My stairs are slightly terrifying.  TWO flights (living to foyer to basement), near-vertical and perilous.  One of those is true.

But they still worry me.  Especially holding a baby, managing stairs with a maniacal Labrador gleefully cannonballing up and down is justifiably fear-inducing.

But let’s read that again.  There’s something important here…

managing stairs with a maniacal Labrador gleefully cannonballing up and down

Now what does this tell us, with our doggy detective hats on?

That’s right, this is a self-reinforcing behavior!  He does it because it’s fun.  That means I can use it as a “life reward” for Ranger doing what I want him to do, and if I put it on cue, he’ll do it for me whenever I ask just because it’s entertaining.

I like to use the “Wait” cue to teach patience in situations like this.  Rather than a specific position, which the Stay requires, I just want Ranger to Wait To Do the Thing, whatever that thing is.  I also use Wait when we are going out the door, when I am letting him IN the back door, and for many other things that just need a “hold on a minute!”
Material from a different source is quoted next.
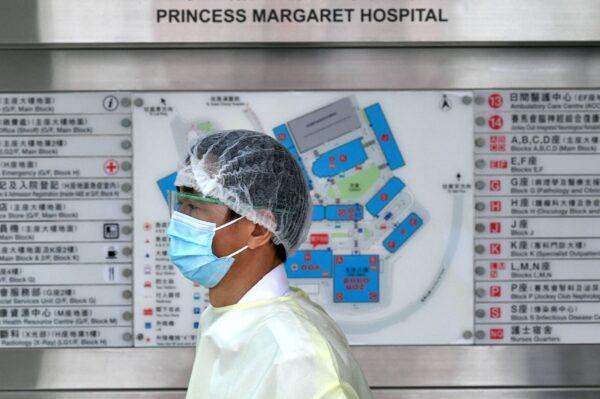 A medical worker wearing protective gear walks outside Princess Margaret Hospital in Hong Kong on Feb. 4, 2020. (Anthony Wallace/AFP via Getty Images)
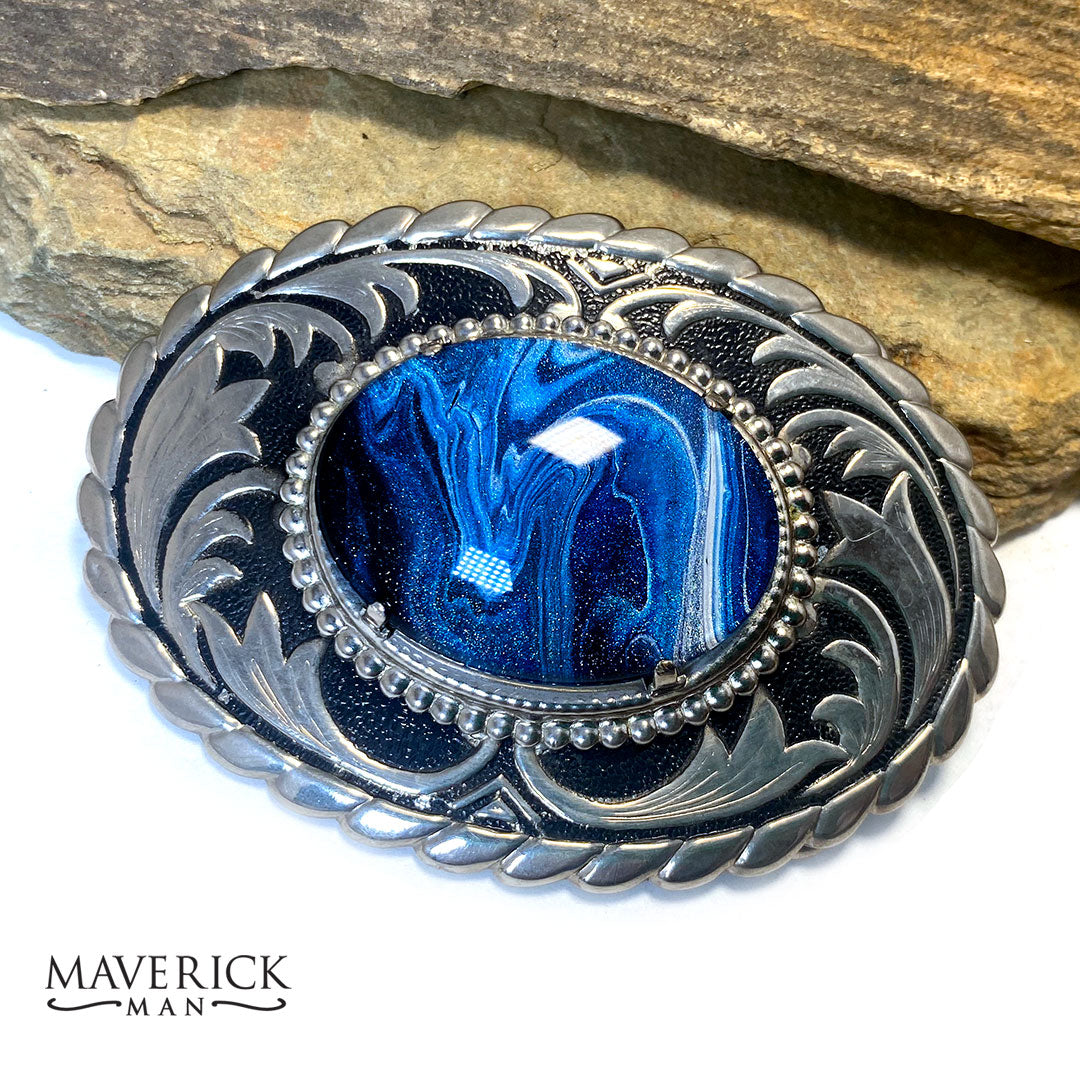Striking belt buckle and bolo tie set with our BLUES hand painted stones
If I needed to, I would start Ranger at either the top or bottom, have him wait, and move into him with my body to stop him if he tried to flail toward me anyway.  Luckily, he appears to have generalized the cue nicely, so instead we are just doing a practice session that strengthens the cue and rewards it with the exciting RUN UP AND DOWN THE STAIRS behavior as the reward.

I’m also sending him away up or down just by vocal encouragement and body language; if he gets hesitant, I take a little step in that direction and then go back up after he trots off.  It’s very informal but it works. This is a situation where I prefer to chat with Ranger and interact with him in real life words and actions.  I don’t need to teach him a “STAIRS” cue; he just learns the rules from a little practice and from trial and error.  This is actually much faster than doing something silly like free-shaping every step he takes with a clicker and treats, with no verbal input or gestures to clue him in.  Different tools for different problems!

Here’s what this looks like:

Of course, I also offer Ranger praise and petting as an extra reinforcer, because he’s a good boy and he likes it.

And now I have one less thing to worry about safety-wise.  As a mom, that’s almost like winning the lottery.